I suppose all I can really confirm (and it will likely matter to quite a few people), is that I could
see .22 cal bullet holes at 200 yards with both scopes. They're the small ones near the orange target dot.
I was actually more impressed, though, that I was able to see the three .30 cal holes in the black paper, even before the target was directly in the sun. That would have been impossible with the Skyline spotter. (I'm also impressed that I put 3 holes in the black at 200 yards using iron sights on a Savage 99, but that should probably be a different post.
It was my intention to include photos taken through the scopes, but the iPhone adaptor I ordered didn't show up in the mailbox until I returned from the range. This will have to do for now.
In summary, I was impressed with both scopes. I know they're not at the top end of the scope world, but I found the fit and finish to be better than I was expecting. I think the only thing I was mildly disappointed in were the lens covers on the 85 mm scope - it wouldn't be that big a deal to upgrade them to at least what the 65 has.
When talking value, it would have been ideal to get every like models from every mfgr, and compare them against each other at their respective prices. Obviously, I can't do that. What I can say, is that both scopes are vastly superior to the 20-60x80 Skyline that I paid roughly $350 for in 2008. With the 65 at $600, and the 85 at $800, I feel like I'm getting far more for the $ than I did with the Skyline. And I was perfectly happy with the Skyline. Now, I just see what I've been missing.
I could lament that these scopes are made in China. Of course, I'd be doing it on a computer made in China. Or on a phone made in China. I believe one's gotta spend well north of $1K to even find a spotter not
made in China, and that only gets you over to Japan. Add another $1,500+ if you want one from Europe. And if you want a US made one? I guess you'll have to build your own. In the end, I was replacing a Chinese spotter, so it is what it is.

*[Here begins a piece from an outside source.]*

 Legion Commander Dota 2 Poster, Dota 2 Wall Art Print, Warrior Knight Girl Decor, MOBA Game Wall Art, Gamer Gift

I view these things more in terms of WHO I'm buying. In this case, I'm buying the CameraLand staff. Let's face it - Doug stands to lose a lot if we all start call-out threads here about the crappy optics he foisted on us. And he's buying the Athlon staff. If he's taking the risk to stock their stuff & promote it, he's putting a couple generations of family business on the line.
The Athlon literature claims they're based in Lenexa, KS, so perhaps some of our Greater KC members can go demand an office tour, & check 'em out. Maybe you can get 'em to take you out for BBQ after.
Finally, I'll be keeping the 65, and returning the 85. (I mean, I'll return it after I throw it off the roof a dozen times for drop testing...
* It does what I want it to do at the range
* It's far smaller and much lighter
* It maintained its brightness better through its magnification range
* It has better lens caps
* It's $200 less
IMHO, the 65 really is a "wow" product.